In another laboratory study, the antifungal effects of ketoconazole were found to be strongly enhanced when combined with rose geranium essential oil. This may lessen the amount of the drug needed to treat this type of infection. [10]

Anti-inflammatory activity

In an animal study, the essential oil of Rose geranium demonstrated anti-inflammatory properties. [11]

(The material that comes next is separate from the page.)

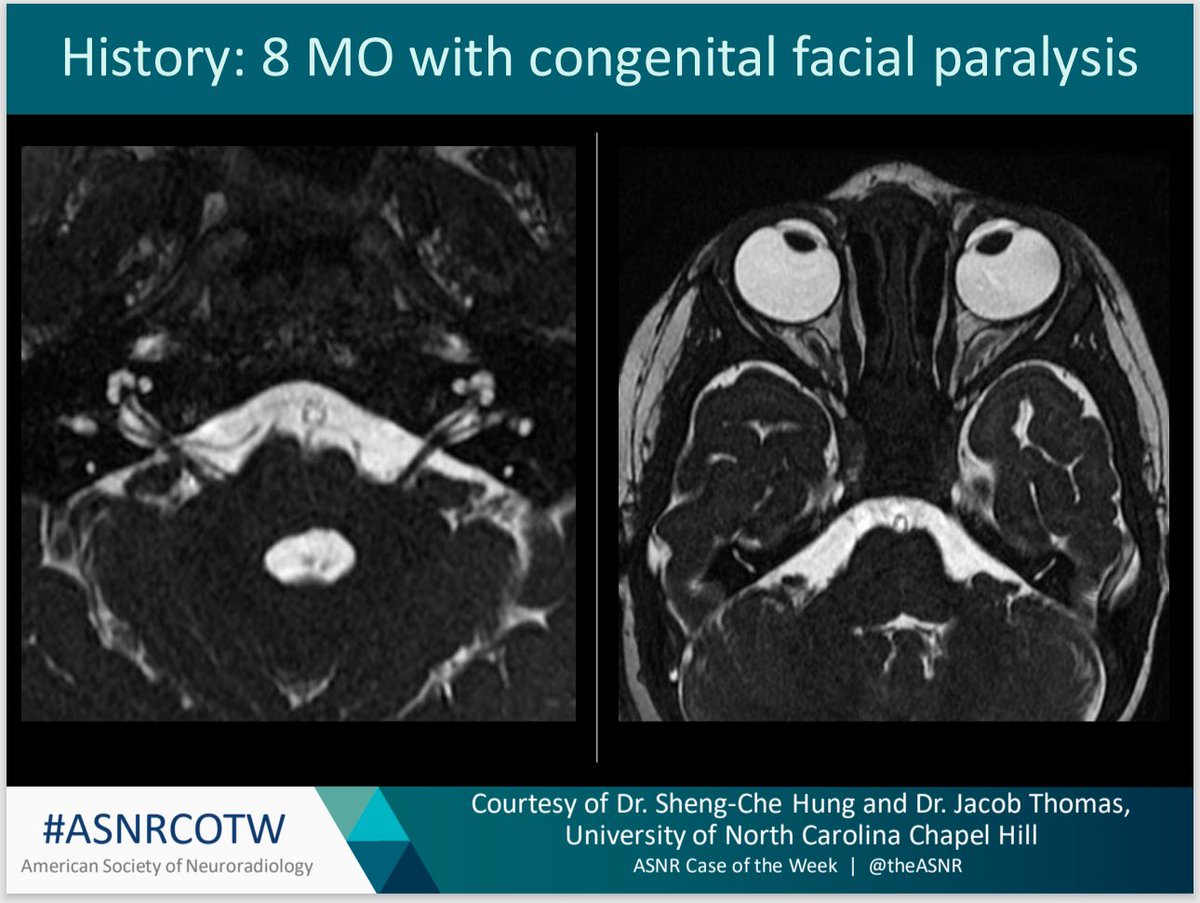 ASNR COTW #189 Hx: 8 MO with congenital facial paralysis NO SPOILERS! Give hints in the form of Gifs or answer attached poll. Answer in 24 hours. #neuro #neurorad #erad #radres #FOAMed #FOAMrad #medtwitter #ASNRCOTW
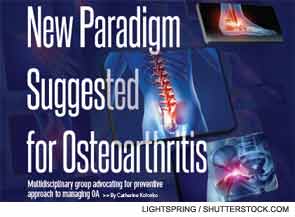 New Paradigm Suggested for Osteoarthritis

Antibacterial- Rose geranium essential was combined with the conventional antibiotic Norfloxacin. This combination was used against Bacillus cereus ATCC 11778, Bacillus subtilis ATCC 6633, Escherichia coli ATCC 35218, Staphylococcus aureus ATCC 6538 and S. aureus ATCC 29213. Antibacterial action was seen with 3 out of the 5 types of bacteria. The study concluded that the antibacterial activity of this specific combination could reduce the amount of antibiotic needed for infections, therefore, lessening the side effects of the drug. [12]

Toxicity

No documentation

Clinical Data

Clinical findings

No documentation

Interaction & Depletion

No documentation

Dosage

No documentation

Poisonous Management

No documentation

Line drawing

No documentation

References

  1. The Plant List. Ver1.1. Pelargonium graveolens. [homepage on the Internet]. c2013 [updated 2012 Mar 23; cited 2016 May 12]. Available from: http://www.theplantlist.org/tpl1.1/record/kew-2532552
  2. Seidemann J. World spice plants: Economic usage, botany, taxonomy. Berlin: Springer-Verlag, 2005; p. 276
  3. Quattrocchi U. CRC world dictionary of medicinal and poisonous plants: Common names, scientific names, eponyms, synonyms, and etymology. Volume IV M-Q. Boca Raton, Florida: CRC Press, 2012; p. 458-459.
  4. Bauer K, Garbe D, Surburg H. Common fragrance and flavor materials.3rd ed. New York: Wiley-VCH; 1997.
  5. Lis Balchan M. Aromatherapy science: A guide for healthcare professionals. London: Pharmaceutical Press; 2006.
  6. Shin S. Anti-Aspergillus activities of plant essential oils and their combination effects with ketoconazole or amphotericin B. Arch Pharm Res. 2003;26(5):389-393.
  7. Jeon JH. Mite-control activities of active constituents isolated from Pelargonium graveolens against house dust mites. J Microbiol Biotechnol. 2008;18(10):1666-1671
  8. Sun W, Xu Z , Wang C , Qu W , Lin C. Study on antioxidant activity of essential oils and its monomer from Pelargonium graveolens. Yao Cai. 2005;28(2):87-89. Chinese.
  9. Rosato A, Vitali C, Gallo D, Balenzano L, Mallamaci R. The inhibition of Candida species by selected essential oils and their synergism with amphotericin B. Phytomedicine. 2008;15(8):635-638.
  10. Shin S, Lim S. Antifungal effects of herbal essential oils alone and in combination with ketoconazole against Trichophyton spp. J Appl Microbiol. 2004;97(6):1289-1296.
  11. Ganapaty S, Beknal AK. Chemical composition and antiinflammatory activity of Pelargonium graveolens oil (Geranium). Indian J Nat Prod. 2004;20(4):18-20.
  12. Rosato A, Vitali C, De Laurentis N, Armenise D, Antonietta Milillo M. Antibacterial effect of some essential oils administered alone or in combination with Norfloxacin. Phytomedicine. 2007;14(11):727-732.